(Scraped caption text data)

◇ ◇ ◇

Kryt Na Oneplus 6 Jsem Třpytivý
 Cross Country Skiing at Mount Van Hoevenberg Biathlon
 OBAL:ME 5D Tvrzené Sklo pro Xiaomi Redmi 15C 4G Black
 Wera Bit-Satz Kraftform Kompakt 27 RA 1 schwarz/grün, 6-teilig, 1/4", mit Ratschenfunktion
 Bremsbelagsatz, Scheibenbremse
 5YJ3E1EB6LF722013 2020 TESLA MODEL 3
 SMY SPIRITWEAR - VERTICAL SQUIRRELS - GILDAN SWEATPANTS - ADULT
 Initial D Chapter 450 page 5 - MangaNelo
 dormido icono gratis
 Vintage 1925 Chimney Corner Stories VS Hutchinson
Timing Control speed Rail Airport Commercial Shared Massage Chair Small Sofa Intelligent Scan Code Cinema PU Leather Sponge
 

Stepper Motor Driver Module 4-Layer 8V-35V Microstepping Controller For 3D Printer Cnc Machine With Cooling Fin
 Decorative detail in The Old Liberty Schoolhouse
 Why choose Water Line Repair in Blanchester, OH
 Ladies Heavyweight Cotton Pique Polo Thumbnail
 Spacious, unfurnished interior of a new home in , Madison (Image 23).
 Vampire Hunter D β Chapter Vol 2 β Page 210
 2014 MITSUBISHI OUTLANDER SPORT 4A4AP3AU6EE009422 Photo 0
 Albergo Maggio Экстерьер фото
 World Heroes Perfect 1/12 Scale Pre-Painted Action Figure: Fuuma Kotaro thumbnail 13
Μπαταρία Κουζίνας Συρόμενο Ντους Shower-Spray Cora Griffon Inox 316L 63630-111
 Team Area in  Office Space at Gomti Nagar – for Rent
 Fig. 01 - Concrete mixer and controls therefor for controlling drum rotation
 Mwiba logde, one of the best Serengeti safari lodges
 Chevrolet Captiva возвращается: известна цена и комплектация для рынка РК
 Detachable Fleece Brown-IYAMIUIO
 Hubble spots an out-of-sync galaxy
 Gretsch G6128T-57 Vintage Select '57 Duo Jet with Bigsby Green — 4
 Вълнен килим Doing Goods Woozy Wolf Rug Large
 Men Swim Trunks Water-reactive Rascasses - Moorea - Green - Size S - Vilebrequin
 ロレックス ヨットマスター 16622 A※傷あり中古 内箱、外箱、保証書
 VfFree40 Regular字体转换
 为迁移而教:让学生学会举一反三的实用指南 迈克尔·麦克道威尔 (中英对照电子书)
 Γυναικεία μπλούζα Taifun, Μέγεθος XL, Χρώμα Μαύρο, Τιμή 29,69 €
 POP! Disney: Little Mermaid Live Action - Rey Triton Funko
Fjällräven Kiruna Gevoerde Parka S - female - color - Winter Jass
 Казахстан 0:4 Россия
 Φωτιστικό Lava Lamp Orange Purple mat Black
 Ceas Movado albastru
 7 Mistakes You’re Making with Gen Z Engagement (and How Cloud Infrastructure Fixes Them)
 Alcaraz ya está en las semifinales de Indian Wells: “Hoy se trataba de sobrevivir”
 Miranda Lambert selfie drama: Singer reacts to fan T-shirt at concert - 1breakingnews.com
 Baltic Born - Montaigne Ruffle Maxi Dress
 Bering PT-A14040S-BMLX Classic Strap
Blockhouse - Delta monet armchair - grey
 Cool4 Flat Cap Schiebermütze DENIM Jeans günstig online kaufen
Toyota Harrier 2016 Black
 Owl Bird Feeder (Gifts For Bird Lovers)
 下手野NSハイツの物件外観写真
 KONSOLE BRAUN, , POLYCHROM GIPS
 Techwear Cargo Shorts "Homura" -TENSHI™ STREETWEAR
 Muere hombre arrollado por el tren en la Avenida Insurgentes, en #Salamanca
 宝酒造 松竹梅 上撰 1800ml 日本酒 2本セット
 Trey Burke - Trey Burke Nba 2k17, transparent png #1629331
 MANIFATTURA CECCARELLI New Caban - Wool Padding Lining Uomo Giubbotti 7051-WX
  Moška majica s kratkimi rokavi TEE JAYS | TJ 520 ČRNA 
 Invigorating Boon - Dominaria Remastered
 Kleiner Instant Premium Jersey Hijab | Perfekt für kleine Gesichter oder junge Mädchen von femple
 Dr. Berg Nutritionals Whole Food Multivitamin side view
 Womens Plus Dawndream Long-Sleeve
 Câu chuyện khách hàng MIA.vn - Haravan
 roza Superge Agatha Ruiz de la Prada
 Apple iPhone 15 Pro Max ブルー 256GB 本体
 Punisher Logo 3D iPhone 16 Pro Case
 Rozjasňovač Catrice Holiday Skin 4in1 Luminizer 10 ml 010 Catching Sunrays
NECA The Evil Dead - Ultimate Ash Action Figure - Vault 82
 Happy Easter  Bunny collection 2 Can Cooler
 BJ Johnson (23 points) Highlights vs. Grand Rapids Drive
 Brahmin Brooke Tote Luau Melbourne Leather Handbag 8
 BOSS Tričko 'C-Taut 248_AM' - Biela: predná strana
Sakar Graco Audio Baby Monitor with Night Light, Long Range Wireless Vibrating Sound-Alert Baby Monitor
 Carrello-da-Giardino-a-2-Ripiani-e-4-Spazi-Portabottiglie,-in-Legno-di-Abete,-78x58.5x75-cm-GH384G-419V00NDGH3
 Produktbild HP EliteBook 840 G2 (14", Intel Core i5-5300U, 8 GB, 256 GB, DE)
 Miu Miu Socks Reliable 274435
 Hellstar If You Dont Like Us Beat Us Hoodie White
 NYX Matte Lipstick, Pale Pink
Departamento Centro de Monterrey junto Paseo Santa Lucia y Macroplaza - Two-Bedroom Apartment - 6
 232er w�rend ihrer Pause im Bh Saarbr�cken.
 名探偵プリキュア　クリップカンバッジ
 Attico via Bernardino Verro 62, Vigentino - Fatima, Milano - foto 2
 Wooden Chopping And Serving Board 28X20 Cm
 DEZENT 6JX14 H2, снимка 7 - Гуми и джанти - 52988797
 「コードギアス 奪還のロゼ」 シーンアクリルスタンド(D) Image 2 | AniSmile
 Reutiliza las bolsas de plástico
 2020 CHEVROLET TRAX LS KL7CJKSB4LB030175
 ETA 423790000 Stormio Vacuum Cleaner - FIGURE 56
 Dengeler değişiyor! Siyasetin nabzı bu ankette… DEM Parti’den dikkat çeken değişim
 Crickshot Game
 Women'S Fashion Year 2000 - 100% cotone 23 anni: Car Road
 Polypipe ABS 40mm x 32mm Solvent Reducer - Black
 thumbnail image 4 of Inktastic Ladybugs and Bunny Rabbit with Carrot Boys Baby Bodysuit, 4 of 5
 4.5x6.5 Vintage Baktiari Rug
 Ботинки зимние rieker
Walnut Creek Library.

◇ ◇ ◇

> [TASK REQUIREMENTS]:
Transcribe the data word for word.

> [EXPECTED ANSWER]:
Kryt Na Oneplus 6 Jsem Třpytivý
 Cross Country Skiing at Mount Van Hoevenberg Biathlon
 OBAL:ME 5D Tvrzené Sklo pro Xiaomi Redmi 15C 4G Black
 Wera Bit-Satz Kraftform Kompakt 27 RA 1 schwarz/grün, 6-teilig, 1/4", mit Ratschenfunktion
 Bremsbelagsatz, Scheibenbremse
 5YJ3E1EB6LF722013 2020 TESLA MODEL 3
 SMY SPIRITWEAR - VERTICAL SQUIRRELS - GILDAN SWEATPANTS - ADULT
 Initial D Chapter 450 page 5 - MangaNelo
 dormido icono gratis
 Vintage 1925 Chimney Corner Stories VS Hutchinson
Timing Control speed Rail Airport Commercial Shared Massage Chair Small Sofa Intelligent Scan Code Cinema PU Leather Sponge
 

Stepper Motor Driver Module 4-Layer 8V-35V Microstepping Controller For 3D Printer Cnc Machine With Cooling Fin
 Decorative detail in The Old Liberty Schoolhouse
 Why choose Water Line Repair in Blanchester, OH
 Ladies Heavyweight Cotton Pique Polo Thumbnail
 Spacious, unfurnished interior of a new home in , Madison (Image 23).
 Vampire Hunter D β Chapter Vol 2 β Page 210
 2014 MITSUBISHI OUTLANDER SPORT 4A4AP3AU6EE009422 Photo 0
 Albergo Maggio Экстерьер фото
 World Heroes Perfect 1/12 Scale Pre-Painted Action Figure: Fuuma Kotaro thumbnail 13
Μπαταρία Κουζίνας Συρόμενο Ντους Shower-Spray Cora Griffon Inox 316L 63630-111
 Team Area in  Office Space at Gomti Nagar – for Rent
 Fig. 01 - Concrete mixer and controls therefor for controlling drum rotation
 Mwiba logde, one of the best Serengeti safari lodges
 Chevrolet Captiva возвращается: известна цена и комплектация для рынка РК
 Detachable Fleece Brown-IYAMIUIO
 Hubble spots an out-of-sync galaxy
 Gretsch G6128T-57 Vintage Select '57 Duo Jet with Bigsby Green — 4
 Вълнен килим Doing Goods Woozy Wolf Rug Large
 Men Swim Trunks Water-reactive Rascasses - Moorea - Green - Size S - Vilebrequin
 ロレックス ヨットマスター 16622 A※傷あり中古 内箱、外箱、保証書
 VfFree40 Regular字体转换
 为迁移而教:让学生学会举一反三的实用指南 迈克尔·麦克道威尔 (中英对照电子书)
 Γυναικεία μπλούζα Taifun, Μέγεθος XL, Χρώμα Μαύρο, Τιμή 29,69 €
 POP! Disney: Little Mermaid Live Action - Rey Triton Funko
Fjällräven Kiruna Gevoerde Parka S - female - color - Winter Jass
 Казахстан 0:4 Россия
 Φωτιστικό Lava Lamp Orange Purple mat Black
 Ceas Movado albastru
 7 Mistakes You’re Making with Gen Z Engagement (and How Cloud Infrastructure Fixes Them)
 Alcaraz ya está en las semifinales de Indian Wells: “Hoy se trataba de sobrevivir”
 Miranda Lambert selfie drama: Singer reacts to fan T-shirt at concert - 1breakingnews.com
 Baltic Born - Montaigne Ruffle Maxi Dress
 Bering PT-A14040S-BMLX Classic Strap
Blockhouse - Delta monet armchair - grey
 Cool4 Flat Cap Schiebermütze DENIM Jeans günstig online kaufen
Toyota Harrier 2016 Black
 Owl Bird Feeder (Gifts For Bird Lovers)
 下手野NSハイツの物件外観写真
 KONSOLE BRAUN, , POLYCHROM GIPS
 Techwear Cargo Shorts "Homura" -TENSHI™ STREETWEAR
 Muere hombre arrollado por el tren en la Avenida Insurgentes, en #Salamanca
 宝酒造 松竹梅 上撰 1800ml 日本酒 2本セット
 Trey Burke - Trey Burke Nba 2k17, transparent png #1629331
 MANIFATTURA CECCARELLI New Caban - Wool Padding Lining Uomo Giubbotti 7051-WX
  Moška majica s kratkimi rokavi TEE JAYS | TJ 520 ČRNA 
 Invigorating Boon - Dominaria Remastered
 Kleiner Instant Premium Jersey Hijab | Perfekt für kleine Gesichter oder junge Mädchen von femple
 Dr. Berg Nutritionals Whole Food Multivitamin side view
 Womens Plus Dawndream Long-Sleeve
 Câu chuyện khách hàng MIA.vn - Haravan
 roza Superge Agatha Ruiz de la Prada
 Apple iPhone 15 Pro Max ブルー 256GB 本体
 Punisher Logo 3D iPhone 16 Pro Case
 Rozjasňovač Catrice Holiday Skin 4in1 Luminizer 10 ml 010 Catching Sunrays
NECA The Evil Dead - Ultimate Ash Action Figure - Vault 82
 Happy Easter  Bunny collection 2 Can Cooler
 BJ Johnson (23 points) Highlights vs. Grand Rapids Drive
 Brahmin Brooke Tote Luau Melbourne Leather Handbag 8
 BOSS Tričko 'C-Taut 248_AM' - Biela: predná strana
Sakar Graco Audio Baby Monitor with Night Light, Long Range Wireless Vibrating Sound-Alert Baby Monitor
 Carrello-da-Giardino-a-2-Ripiani-e-4-Spazi-Portabottiglie,-in-Legno-di-Abete,-78x58.5x75-cm-GH384G-419V00NDGH3
 Produktbild HP EliteBook 840 G2 (14", Intel Core i5-5300U, 8 GB, 256 GB, DE)
 Miu Miu Socks Reliable 274435
 Hellstar If You Dont Like Us Beat Us Hoodie White
 NYX Matte Lipstick, Pale Pink
Departamento Centro de Monterrey junto Paseo Santa Lucia y Macroplaza - Two-Bedroom Apartment - 6
 232er w�rend ihrer Pause im Bh Saarbr�cken.
 名探偵プリキュア　クリップカンバッジ
 Attico via Bernardino Verro 62, Vigentino - Fatima, Milano - foto 2
 Wooden Chopping And Serving Board 28X20 Cm
 DEZENT 6JX14 H2, снимка 7 - Гуми и джанти - 52988797
 「コードギアス 奪還のロゼ」 シーンアクリルスタンド(D) Image 2 | AniSmile
 Reutiliza las bolsas de plástico
 2020 CHEVROLET TRAX LS KL7CJKSB4LB030175
 ETA 423790000 Stormio Vacuum Cleaner - FIGURE 56
 Dengeler değişiyor! Siyasetin nabzı bu ankette… DEM Parti’den dikkat çeken değişim
 Crickshot Game
 Women'S Fashion Year 2000 - 100% cotone 23 anni: Car Road
 Polypipe ABS 40mm x 32mm Solvent Reducer - Black
 thumbnail image 4 of Inktastic Ladybugs and Bunny Rabbit with Carrot Boys Baby Bodysuit, 4 of 5
 4.5x6.5 Vintage Baktiari Rug
 Ботинки зимние rieker
Walnut Creek Library.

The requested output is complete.